Make your data science job-hunt easier and as efficient as possible WITH THESE FIVE VALUABLE LESSONS
From undergraduates to career changers, many people are looking to break into data science.
It is a very common question asked by people who want to further their careers in analytics, cloud computing, data science, and machine learning. Breaking into the field of data science has to be navigated before launching into a career. Earning a job in data science isn’t easy, especially since there are extra job seekers in this analytics jobs.
Below are five things to be kept in mind:
Keep on building your statistical and programming skills.
The top 10 skills requested in LinkedIn data scientist job postings are Python, R, and SQL, closely followed by Jupyter Notebooks, Unix Shell/Awk, AWS, and TensorFlow, Tableau, C/C++ and Hadoop/Hive/Pig. Best way to excel in these skills is to go for Hands-on training. After all, without applied experience, the academic experience is only half knowledge gained.
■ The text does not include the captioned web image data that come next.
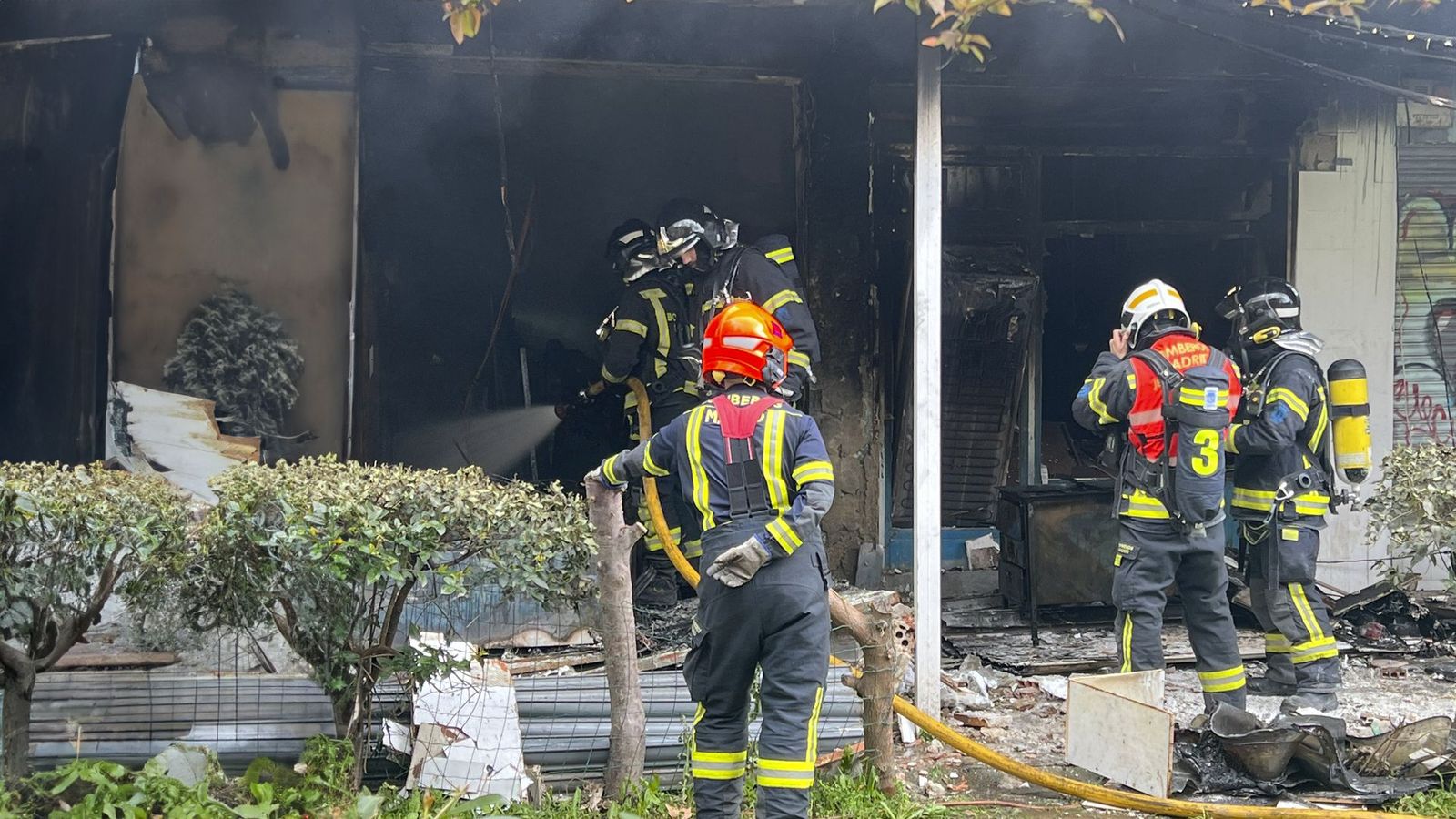 Incendio en un local de La Elipa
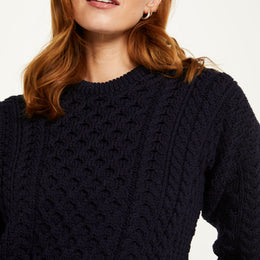 Pull traditionnel mérinos Aran pour femmes Inisheer - Marine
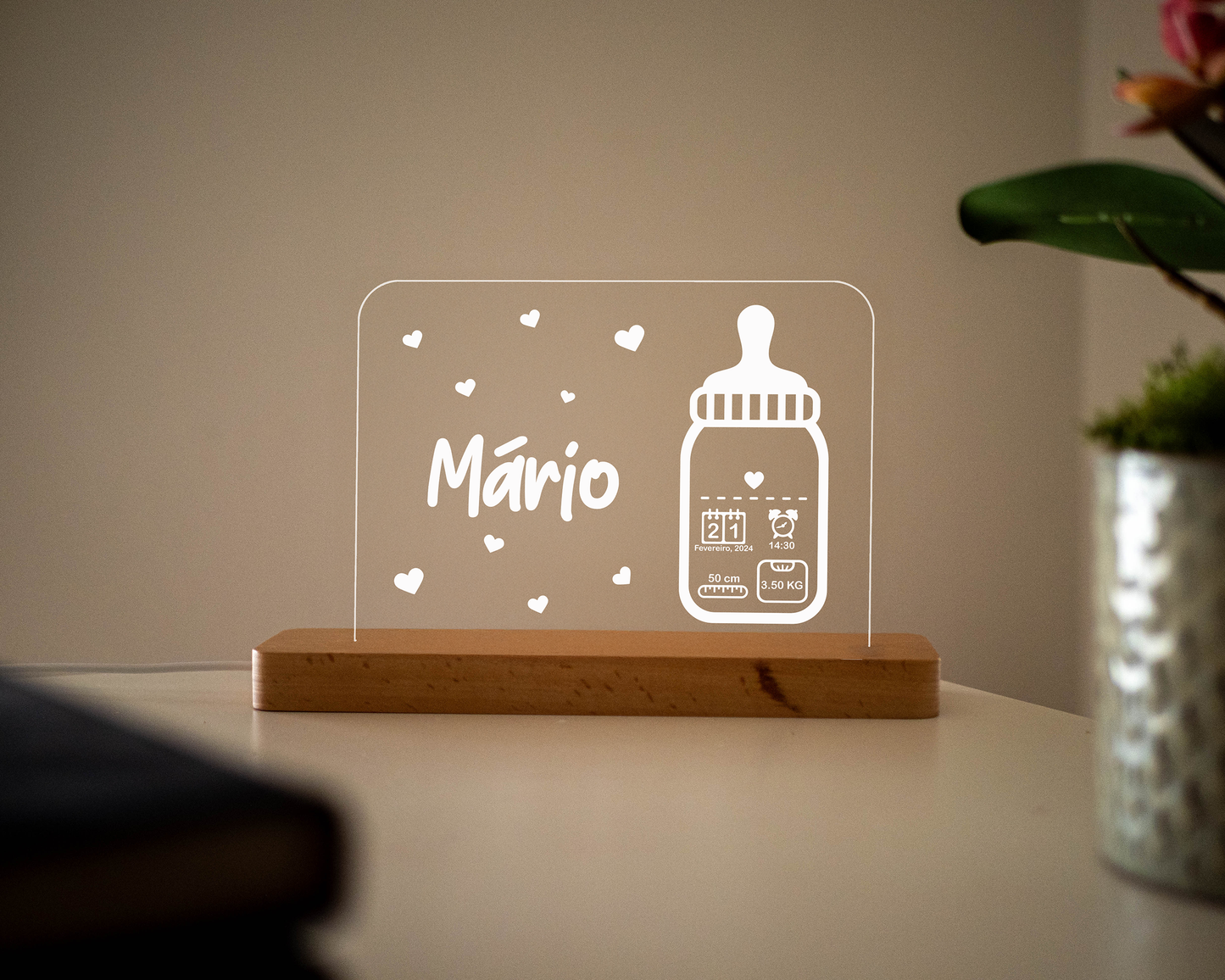 Candeeiro LED Biberão personalizável com base em madeira e controlo de intensidade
Frequently create unique portfolio of machine learning and analytics projects.
Just how anyone would need a good CV to get their dream job, a data scientist will be required to present a portfolio that speaks for them. From selecting data science projects to completing your own analysis, a data science portfolio should have it all. Apart from doing projects, good knowledge of storytelling and visualization of data will also work in your favor.
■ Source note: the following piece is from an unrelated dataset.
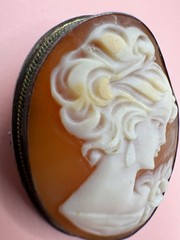 Italian Hand-Carved Oval Cameo Brooch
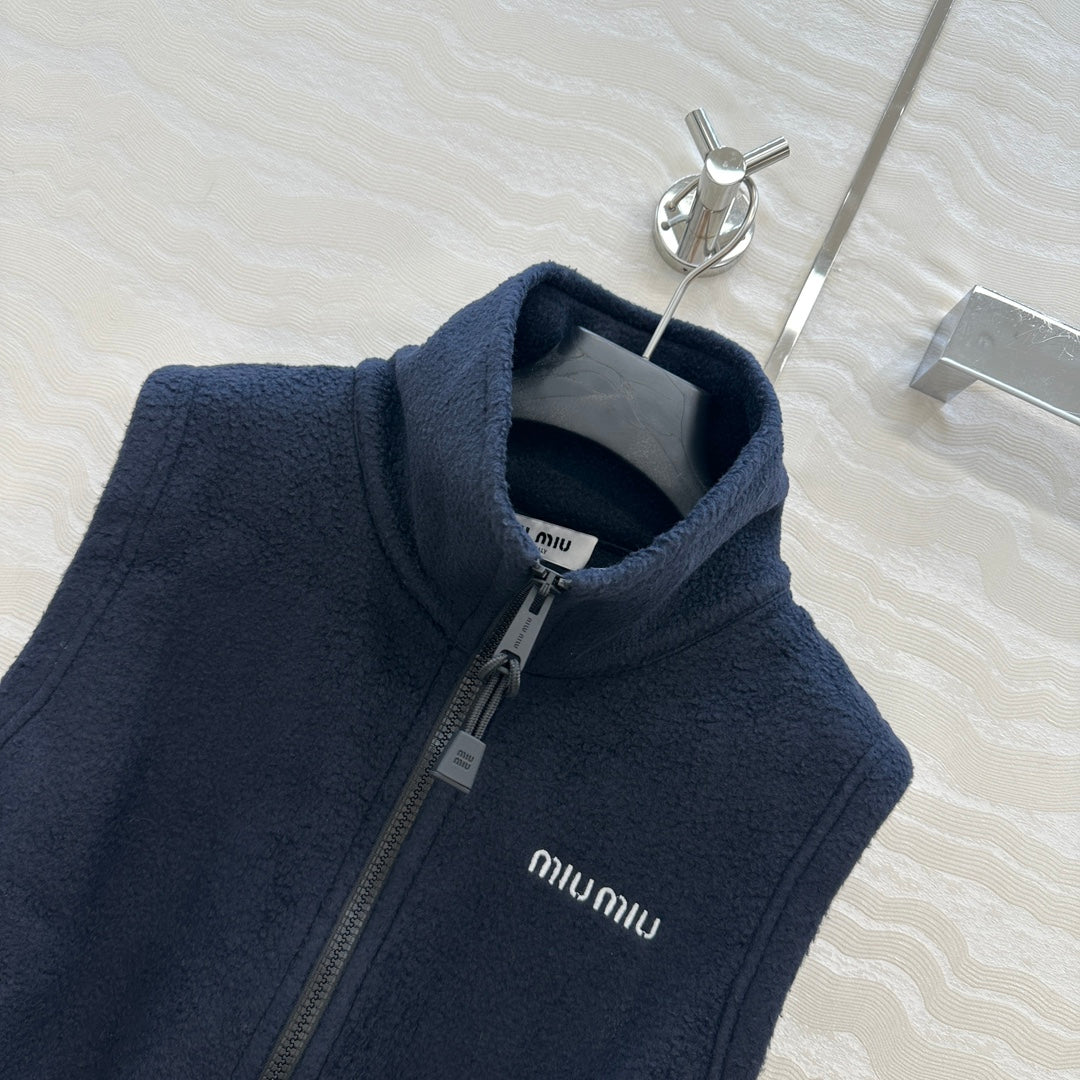 Miu 25fw embroidered vest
Make yourself a unique website.
Times are changing and having an online presence has become important more than ever. Maintaining an active profile on GitHub or Kaggle is one way to start with it. For organizations to approach you for freelance projects, interviews, and other opportunities, it is advisable to invest good time in creating an active and unique website.
Start applying for jobs available in your network.
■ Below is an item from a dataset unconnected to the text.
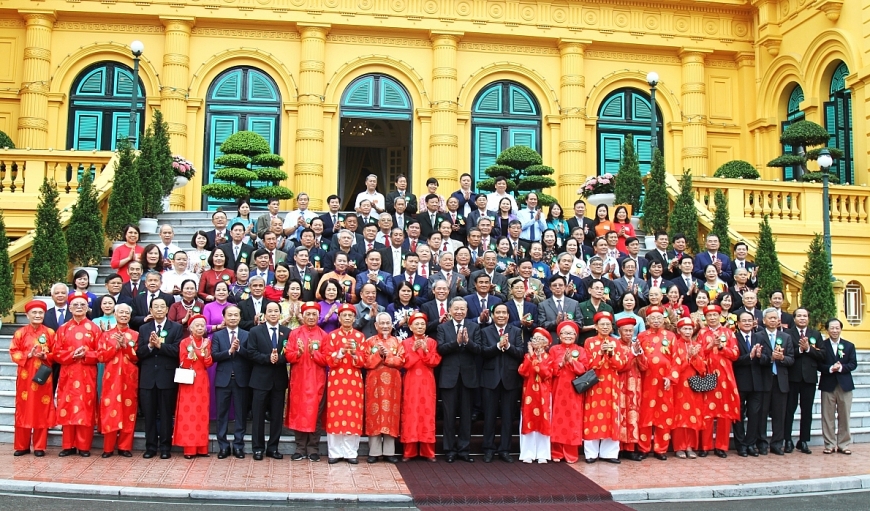 Kinh tế bạc ở Việt Nam: Già hóa dân số và bài toán phát triển quốc gia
You should not hesitate in asking your friends and colleagues, attending a career fair, or visiting a local company website for job recommendations. It is okay if you don’t have all the skills in the required skills of the company. A part of it is also enough for you to get started. Keep applying irrespective of the company’s requirements and accomplishments. Focus on growing your contacts and network.
Concentrate on improving communication skills.
To be a successful data scientist, one needs to have effective communication skills. Storytelling is a part of a data scientist’s job through which s/he will present his/her work to audiences and stakeholders. Also, collaborations are a usual thing and in order to receive better results, others have to be able to understand the insights from the data scientist.